You referenced a QUOTE of mine from my opening Post on this Thread: "We are talking about divorce and re-marriage, without retribution from the church, while it clearly goes against the teachings of Jesus..." UNQUOTE

Thanks very much for hanging in there on this hot-topic. You've hit the nail on the head hard several times in this discussion in bringing out into the open the thorny subject of 'disagreeing with Jesus' which persons who style themselves "Christians" are very reluctant to do, even in private. Why can't they just admit that not everything the good Rebbe said applies to the complex 21st century we live in today?

An African American friend of mine stated that he couldn't bring himself to 'follow Jesus' (or 'Paul' for that matter) because 'neither person came out against the injustices of slavery', but both seemed to have accepted it as a reality of their day. My friend disagreed with 'Jesus' and 'Paul' on this one issue, but still lives a clean & sober life which would shame many persons who style themselves 'Christians' who attend 'Church' every Sunday.

I asked him if he was a 'Christian'; he responded that although he sometimes goes to the local gospel church to hear the choir sing, after he went to college and started thinking more deeply about life's core issues, he decided the church was not representing what he believed 'in his heart', and among other things he noticed a lot of divorces and flagrant adulteries in the congregation. He asked me what Jesus taught on the subject, and I told him that 'Jesus' had taken an extremely reactionary stance on Divorce which was possibly unheard of in those days.

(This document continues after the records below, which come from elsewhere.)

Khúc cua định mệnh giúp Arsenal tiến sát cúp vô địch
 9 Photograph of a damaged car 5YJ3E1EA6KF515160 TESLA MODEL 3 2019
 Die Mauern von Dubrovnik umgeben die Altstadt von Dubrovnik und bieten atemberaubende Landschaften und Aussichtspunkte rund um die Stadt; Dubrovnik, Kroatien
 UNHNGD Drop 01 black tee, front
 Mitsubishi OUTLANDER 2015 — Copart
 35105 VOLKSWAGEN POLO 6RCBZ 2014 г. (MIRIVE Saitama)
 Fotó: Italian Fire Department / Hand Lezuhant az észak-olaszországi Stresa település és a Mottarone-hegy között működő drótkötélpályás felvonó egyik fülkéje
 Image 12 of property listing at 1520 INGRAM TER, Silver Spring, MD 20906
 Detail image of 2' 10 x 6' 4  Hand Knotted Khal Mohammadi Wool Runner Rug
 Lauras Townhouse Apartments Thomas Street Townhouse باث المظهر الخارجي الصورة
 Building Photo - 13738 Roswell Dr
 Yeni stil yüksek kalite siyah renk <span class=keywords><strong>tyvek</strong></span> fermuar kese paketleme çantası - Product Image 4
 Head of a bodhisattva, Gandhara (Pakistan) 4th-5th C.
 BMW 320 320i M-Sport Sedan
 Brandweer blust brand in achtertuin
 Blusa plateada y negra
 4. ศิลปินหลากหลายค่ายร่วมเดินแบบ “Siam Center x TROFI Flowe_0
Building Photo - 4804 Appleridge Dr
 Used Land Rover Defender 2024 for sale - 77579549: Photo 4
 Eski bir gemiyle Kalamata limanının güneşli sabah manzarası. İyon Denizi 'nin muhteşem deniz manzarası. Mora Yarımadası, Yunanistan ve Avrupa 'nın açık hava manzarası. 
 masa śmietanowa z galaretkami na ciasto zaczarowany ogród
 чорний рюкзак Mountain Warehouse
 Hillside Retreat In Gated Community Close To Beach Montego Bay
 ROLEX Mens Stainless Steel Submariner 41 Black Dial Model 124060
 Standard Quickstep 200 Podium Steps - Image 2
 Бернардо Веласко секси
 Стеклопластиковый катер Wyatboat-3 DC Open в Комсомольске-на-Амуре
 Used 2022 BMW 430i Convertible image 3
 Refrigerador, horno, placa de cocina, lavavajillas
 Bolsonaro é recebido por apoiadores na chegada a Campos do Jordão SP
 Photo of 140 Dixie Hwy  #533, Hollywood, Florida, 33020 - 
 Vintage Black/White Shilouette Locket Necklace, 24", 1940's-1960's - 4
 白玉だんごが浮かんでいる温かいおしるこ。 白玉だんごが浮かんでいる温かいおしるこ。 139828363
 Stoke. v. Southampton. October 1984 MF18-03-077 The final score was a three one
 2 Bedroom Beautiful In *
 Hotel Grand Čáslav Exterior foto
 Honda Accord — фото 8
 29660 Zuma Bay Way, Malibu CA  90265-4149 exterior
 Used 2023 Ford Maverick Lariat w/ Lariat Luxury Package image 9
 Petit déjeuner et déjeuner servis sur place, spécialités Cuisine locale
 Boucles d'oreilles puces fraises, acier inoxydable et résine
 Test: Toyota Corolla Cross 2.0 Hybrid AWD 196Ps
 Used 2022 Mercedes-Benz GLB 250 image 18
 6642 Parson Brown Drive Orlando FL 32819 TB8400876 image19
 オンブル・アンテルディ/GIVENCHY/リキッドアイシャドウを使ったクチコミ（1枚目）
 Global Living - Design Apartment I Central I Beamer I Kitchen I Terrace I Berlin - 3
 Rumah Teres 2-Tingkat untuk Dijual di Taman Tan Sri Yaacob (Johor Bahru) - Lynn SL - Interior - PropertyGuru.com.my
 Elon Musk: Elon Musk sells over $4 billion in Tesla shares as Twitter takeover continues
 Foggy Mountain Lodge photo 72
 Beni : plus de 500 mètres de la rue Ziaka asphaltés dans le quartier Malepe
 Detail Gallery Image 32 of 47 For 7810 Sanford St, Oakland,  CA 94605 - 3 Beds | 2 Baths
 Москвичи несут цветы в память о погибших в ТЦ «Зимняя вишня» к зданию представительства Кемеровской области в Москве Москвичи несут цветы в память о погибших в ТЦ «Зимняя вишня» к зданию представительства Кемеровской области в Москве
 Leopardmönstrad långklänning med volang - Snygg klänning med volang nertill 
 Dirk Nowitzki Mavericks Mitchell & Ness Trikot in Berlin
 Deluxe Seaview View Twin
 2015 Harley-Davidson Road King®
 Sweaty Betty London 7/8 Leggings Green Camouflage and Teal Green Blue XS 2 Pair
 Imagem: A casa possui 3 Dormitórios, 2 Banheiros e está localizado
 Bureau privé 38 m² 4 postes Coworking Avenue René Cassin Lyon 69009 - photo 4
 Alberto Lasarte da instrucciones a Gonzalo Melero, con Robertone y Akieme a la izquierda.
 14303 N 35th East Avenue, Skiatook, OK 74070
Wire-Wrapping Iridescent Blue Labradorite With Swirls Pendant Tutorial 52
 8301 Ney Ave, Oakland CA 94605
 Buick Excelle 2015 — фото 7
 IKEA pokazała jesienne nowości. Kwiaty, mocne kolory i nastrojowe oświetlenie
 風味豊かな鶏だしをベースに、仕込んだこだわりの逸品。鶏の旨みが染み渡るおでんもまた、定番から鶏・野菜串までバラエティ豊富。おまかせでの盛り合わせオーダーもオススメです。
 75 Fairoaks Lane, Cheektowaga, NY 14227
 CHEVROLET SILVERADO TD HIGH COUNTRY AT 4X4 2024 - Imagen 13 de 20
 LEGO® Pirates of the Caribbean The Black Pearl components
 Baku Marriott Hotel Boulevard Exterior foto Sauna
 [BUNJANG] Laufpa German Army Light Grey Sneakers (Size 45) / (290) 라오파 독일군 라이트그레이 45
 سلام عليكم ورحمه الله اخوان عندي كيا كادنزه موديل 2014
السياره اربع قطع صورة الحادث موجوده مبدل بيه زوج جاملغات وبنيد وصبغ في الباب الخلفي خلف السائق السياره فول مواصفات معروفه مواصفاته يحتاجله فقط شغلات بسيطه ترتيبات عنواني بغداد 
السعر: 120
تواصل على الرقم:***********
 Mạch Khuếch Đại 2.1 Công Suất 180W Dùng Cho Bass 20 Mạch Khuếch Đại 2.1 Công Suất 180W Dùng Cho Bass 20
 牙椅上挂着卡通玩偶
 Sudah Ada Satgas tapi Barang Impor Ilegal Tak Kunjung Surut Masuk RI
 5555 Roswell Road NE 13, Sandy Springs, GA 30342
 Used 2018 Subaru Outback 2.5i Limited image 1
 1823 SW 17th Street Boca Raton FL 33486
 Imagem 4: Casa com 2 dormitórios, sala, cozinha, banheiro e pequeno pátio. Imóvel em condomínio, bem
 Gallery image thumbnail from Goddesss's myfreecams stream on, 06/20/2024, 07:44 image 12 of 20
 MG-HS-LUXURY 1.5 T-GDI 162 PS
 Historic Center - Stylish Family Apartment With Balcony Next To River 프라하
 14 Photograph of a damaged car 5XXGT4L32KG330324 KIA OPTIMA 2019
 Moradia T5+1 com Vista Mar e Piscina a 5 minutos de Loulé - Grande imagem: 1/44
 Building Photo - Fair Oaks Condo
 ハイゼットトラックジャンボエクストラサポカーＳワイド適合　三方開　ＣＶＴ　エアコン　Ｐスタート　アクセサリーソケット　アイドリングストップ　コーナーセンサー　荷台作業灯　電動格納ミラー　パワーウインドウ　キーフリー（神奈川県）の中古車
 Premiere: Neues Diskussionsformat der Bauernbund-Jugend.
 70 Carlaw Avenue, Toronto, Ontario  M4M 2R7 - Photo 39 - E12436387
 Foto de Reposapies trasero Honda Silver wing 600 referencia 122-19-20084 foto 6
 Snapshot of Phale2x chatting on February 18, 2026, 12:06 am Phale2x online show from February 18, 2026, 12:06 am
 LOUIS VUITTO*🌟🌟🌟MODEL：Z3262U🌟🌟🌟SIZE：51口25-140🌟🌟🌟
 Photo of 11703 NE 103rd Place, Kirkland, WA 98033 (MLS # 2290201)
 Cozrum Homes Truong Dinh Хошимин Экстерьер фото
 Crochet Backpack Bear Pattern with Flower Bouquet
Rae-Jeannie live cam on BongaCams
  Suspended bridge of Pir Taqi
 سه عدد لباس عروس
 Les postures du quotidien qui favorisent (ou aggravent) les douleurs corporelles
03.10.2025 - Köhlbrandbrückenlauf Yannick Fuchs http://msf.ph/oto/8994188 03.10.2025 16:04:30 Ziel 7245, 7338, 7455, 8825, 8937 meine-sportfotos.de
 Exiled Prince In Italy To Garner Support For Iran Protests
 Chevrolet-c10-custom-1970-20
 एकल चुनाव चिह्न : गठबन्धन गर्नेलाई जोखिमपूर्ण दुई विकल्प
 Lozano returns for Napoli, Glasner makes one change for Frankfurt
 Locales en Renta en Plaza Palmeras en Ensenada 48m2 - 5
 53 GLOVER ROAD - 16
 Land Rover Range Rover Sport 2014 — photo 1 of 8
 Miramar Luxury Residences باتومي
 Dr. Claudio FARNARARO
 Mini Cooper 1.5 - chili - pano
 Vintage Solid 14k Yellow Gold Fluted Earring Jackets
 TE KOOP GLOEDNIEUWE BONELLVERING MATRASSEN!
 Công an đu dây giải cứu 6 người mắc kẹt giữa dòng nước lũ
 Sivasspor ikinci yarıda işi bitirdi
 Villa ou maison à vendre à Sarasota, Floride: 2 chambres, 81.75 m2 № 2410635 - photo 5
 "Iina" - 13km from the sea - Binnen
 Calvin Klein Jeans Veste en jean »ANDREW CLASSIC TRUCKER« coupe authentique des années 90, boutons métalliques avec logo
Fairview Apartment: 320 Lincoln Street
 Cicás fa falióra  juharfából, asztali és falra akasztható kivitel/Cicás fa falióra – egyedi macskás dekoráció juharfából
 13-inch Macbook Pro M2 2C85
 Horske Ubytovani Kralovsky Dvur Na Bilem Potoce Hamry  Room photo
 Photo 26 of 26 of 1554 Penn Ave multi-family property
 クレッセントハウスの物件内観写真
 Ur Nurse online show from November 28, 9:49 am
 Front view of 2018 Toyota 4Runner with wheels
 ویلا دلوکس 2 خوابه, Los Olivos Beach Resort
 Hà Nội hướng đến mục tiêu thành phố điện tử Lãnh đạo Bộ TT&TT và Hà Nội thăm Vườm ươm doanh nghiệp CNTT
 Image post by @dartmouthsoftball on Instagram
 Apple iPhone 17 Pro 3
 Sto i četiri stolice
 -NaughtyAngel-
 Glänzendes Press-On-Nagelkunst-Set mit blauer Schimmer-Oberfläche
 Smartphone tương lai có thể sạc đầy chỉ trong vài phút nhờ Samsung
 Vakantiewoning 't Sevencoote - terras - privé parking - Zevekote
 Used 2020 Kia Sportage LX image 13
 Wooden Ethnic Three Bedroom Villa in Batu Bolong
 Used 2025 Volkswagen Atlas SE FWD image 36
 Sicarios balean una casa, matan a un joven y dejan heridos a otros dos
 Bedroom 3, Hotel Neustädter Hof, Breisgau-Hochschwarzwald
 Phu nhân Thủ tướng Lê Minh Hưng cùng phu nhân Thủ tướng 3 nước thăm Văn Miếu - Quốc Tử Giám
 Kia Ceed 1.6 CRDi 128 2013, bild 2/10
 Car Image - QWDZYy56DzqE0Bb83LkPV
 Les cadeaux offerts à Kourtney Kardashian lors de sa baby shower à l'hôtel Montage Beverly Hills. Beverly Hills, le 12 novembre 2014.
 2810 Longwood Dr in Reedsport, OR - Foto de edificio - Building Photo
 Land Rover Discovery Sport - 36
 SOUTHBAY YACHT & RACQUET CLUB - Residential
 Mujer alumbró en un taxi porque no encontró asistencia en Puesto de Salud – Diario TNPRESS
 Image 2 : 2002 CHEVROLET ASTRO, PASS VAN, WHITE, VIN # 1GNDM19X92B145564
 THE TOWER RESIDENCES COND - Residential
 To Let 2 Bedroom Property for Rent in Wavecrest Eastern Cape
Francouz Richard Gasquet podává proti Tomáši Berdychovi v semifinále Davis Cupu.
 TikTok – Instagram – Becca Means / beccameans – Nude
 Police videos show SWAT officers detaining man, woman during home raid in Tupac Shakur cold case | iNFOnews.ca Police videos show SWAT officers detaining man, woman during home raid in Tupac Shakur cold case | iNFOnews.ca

Rabbi Shammai in the 1st century CE was normally more conservative on these issues, but he listed several conditions when a man might divorce his wife; and Rabbi Hillel who was Shammai's contemporary took a more liberal stance on Divorce that most Rebbes today follow in the US. But R. Yehoshua bar Yosef's stance on Divorce is something of another animal altogether: in effect Jesus said "No Divorce, Ever."

And moreover 'Jesus' said, in effect, "he who is separated from his wife, let the wife be reconciled with the husband...." and "what the Most High has joined together let no son of man separate;" and other sayings about the male and the female becoming one flesh, &tc. and that Mosheh allowed for wrote Divorce proceedings 'out of your hard-heartedness...' Ὅτι Μωϋσῆς πρὸς τὴν σκληροκαρδίαν ὑμῶν = מתוך קשיות לב שלך - the words 'heart-hardened' in Hebrew (=לב קשיות) is the same phrase that is used to describe Pharaoh's 'hardness of heart' in disallowing the Israelites passage out of the country which resulted in the plague of the first born sons.

And did not the Torah explicitly state 'you shall not harden your heart against your poor fellow Israelite"? (Deut 15:7)
It seems to me that it would be a lot easier for people to say, I try to follow Jesus' teachings but in the 21st century, his outdated stance on Divorce is just no longer tenable, and I disagree with him on that point. He spoke and taught others for his own time..."

But modern day Protestant Christians seem to just go ahead and do what they want to do when it comes to this one subject, in effect wiping their behinds on Jesus' words, as Anita Bryant did when interviewed a decade ago admitting that her first marriage failed in 1980 (to Bob Green, but resulted in 4 children) and ended in divorce and 'the Lord' led her to her second husband Charlie Hobson Dry in 1990. First husband Bob Green refused to accept the divorce on religious grounds (he read his bible, he said) claiming that his fundamentalist religious beliefs did not recognize civil divorce and that she was still his wife "in God's eyes."

Recently, Anita Bryant had to admit defeat when she said "The church needs to wake up and find some way to cope with divorce and women's problems these days..."

So even Anita Bryant is disagreeing with 'Jesus' although I doubt she'd admit as much !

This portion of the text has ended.